Another victim, Dr. Henry Backe, told The Early Show that Madoff was an "economic terrorist."

The size of the scandal has made him an international symbol of greed and deception in difficult economic times. But it remains in dispute.

People familiar with the case tell CBS News that federal investigators are "ripping apart" 20 years of fraud inside Madoff's firm. They're moving beyond Madoff himself and looking at sons Andrew and Mark, who directed trading activities, and brother Peter, the company's chief compliance officer. None of them have been charged with any wrongdoing.

Also under the microscope: Madoff's wife of 49 years, Ruth, who has not been charged in the case. In court papers, she claims nearly $70 million in assets separate from her husband's fortune, including a $7 million New York apartment, $45 million in bonds, and $17 million in cash. She's also listed as the owner of a $9 million Palm Beach mansion.

"Just because Madoff apparently won't cooperate with authorities doesn't mean we won't perhaps see charges against other people here," said CBS News legal analyst Andrew Cohen. "There clearly is a paper trail, and clearly people were handling the details of the phony trades, and the investigation is ongoing.
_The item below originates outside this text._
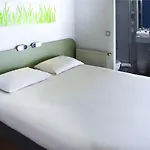 Ibis Budget Centre *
When there is this much money at stake the trail won't grow cold here or now."

At the hearing, prosecutor Marc Litt said that the investigation is continuing and that "a lot of resources and effort are being expended to find assets and anyone else who might be responsible for this fraud," reports Milton.

Prosecutors filed papers Tuesday saying Madoff's investment company reported a total balance of $64.8 billion in November even though it actually had only a small fraction of that amount.
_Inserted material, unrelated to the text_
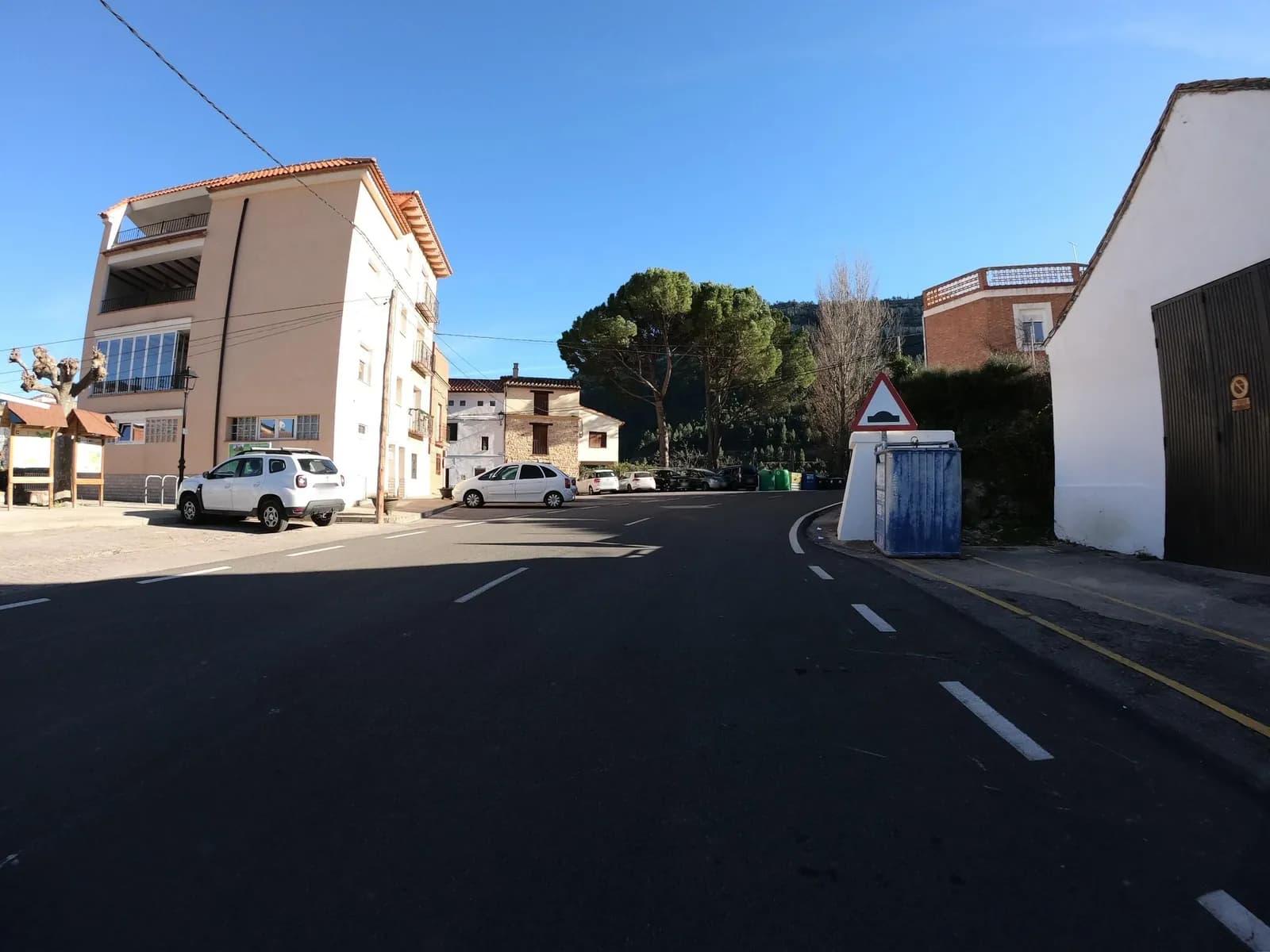Aparcamiento gratuito en Avenida de San Miguel en Puebla de Arenoso (Castellón)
Investigators say the true amount lost by investors may be between $10 billion and $17 billion and the larger estimates by Madoff include the false profits prosecutors say he generated with tens of thousands of bogus account statements cataloguing steady profits.
So far, authorities have located only about $1 billion in assets.

Prosecutors say he generated or had employees generate tens of thousands of account statements and other documents, operating a massive Ponzi scheme, a scam in which people are persuaded to invest in a fraudulent operation that promises unusually high returns.

The money Madoff received was never invested but was used by him, his business and others or, as occurs in Ponzi schemes, was paid out to early investors, prosecutors said.